What’s interesting is that I see an analogy between the movie industry in the 60’s (lower sales ceiling leading to some left(er)-field successes, often through more word of mouth and subcultural currency than general mainstream success, though the former perhaps parlayed into the latter) and the music industry in the 00’s, but I wonder if c. 1959-1964 there’s a similar move in pop music, too.
I rode a lotta els
From the latest installment of “Me: The Decade” (The college years! 2003: Cooler Kids):
Me: The weirder aspect of [making a “child-appropriate mix”] was determining appropriateness of songs based on lyrical context that no one else might get — there’s a drug reference in “Combination Pizza Hut and Taco Bell” (I rolled a lotta L’s) and it’s pretty obviously about two stoners, but I didn’t think that my students would “get” it (and really that track was more for the teachers).

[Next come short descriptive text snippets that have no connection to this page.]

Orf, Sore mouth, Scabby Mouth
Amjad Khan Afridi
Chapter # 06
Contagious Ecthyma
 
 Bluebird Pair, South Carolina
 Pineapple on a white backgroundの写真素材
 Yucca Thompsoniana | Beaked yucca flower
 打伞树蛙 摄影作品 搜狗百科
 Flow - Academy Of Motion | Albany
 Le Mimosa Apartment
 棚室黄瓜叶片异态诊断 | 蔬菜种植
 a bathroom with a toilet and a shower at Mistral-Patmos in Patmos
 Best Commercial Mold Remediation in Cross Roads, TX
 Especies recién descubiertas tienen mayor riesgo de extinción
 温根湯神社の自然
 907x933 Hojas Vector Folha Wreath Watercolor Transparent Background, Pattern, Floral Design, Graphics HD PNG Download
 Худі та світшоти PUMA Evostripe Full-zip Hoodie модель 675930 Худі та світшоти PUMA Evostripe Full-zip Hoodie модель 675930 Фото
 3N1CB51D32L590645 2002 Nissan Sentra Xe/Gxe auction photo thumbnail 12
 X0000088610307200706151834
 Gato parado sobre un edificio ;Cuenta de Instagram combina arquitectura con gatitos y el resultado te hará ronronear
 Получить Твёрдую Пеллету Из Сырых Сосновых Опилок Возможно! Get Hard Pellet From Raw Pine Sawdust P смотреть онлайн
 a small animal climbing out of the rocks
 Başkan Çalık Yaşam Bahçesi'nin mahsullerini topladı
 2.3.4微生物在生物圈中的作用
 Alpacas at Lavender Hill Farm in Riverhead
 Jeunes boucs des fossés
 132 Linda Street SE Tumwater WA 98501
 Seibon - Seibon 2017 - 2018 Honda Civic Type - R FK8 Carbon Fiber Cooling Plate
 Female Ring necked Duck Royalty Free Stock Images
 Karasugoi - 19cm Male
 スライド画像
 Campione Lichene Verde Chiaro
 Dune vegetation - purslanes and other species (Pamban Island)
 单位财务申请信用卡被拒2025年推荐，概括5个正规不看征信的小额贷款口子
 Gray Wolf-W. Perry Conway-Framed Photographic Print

Girlboymusic: Consequence of spending the first seven years of my life in Queens with a father who is a train enthusiast: for the longest time I thought he was saying, “I rode a lotta els” (as in the elevated subway line that runs over Jamaica Avenue).
Frank: That’s what I thought he was saying, too.
Me: Well, that certainly makes it more acceptable. And a “teachable moment,” starring the MTA! (But I think they’re referring to smoking blunts.) Of course, if they’re coming from Brooklyn, they might be riding an L AND an el, which would indeed be a lotta L’s.